Le analisi scientifiche più recenti indicano che la durata del riposo incide più di qualsiasi altro elemento sul benessere generale e, soprattutto, sulla longevità. Una nuova indagine statunitense mostra infatti che un sonno insufficiente può ridurre in modo significativo l’aspettativa di vita.

Mantenere abitudini regolari e un numero adeguato di ore di riposo aiuta a prevenire obesità e demenza e, secondo gli ultimi risultati dell’Oregon Health & Science University, potrebbe rappresentare un fattore chiave per vivere più a lungo. Sebbene in passato la correlazione tra mancanza di sonno e morte prematura fosse già stata rilevata, gli studiosi sostengono che mai come ora il legame sia apparso così netto. La ricerca compara la qualità del sonno e la durata media della vita dal 2019 al 2025, prendendo in esame ogni Stato americano.

La quantità ritenuta ideale oscilla tra sette e nove ore, con una media consigliata di circa otto ore per notte. Tuttavia, non esiste un valore universale valido per tutti: il fabbisogno varia in base al lavoro, allo stile di vita e ai propri ritmi biologici.

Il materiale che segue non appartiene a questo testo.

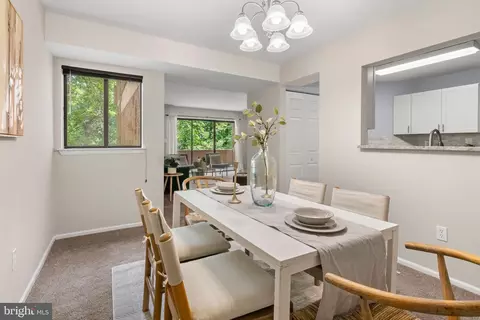 Dining - 2901 Fallstaff Rd #305, Baltimore, MD 21209 photo 1 of 2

C’è chi si sente riposato dopo sei ore e chi, al contrario, necessita anche di dieci ore per recuperare completamente le energie.
In linea generale, però, le indicazioni dell’American Academy of Sleep Medicine e della Sleep Research Society sono precise: per mantenersi in buona salute l’obiettivo dovrebbe essere dormire otto ore, evitando comunque di scendere sotto le sette ore per notte.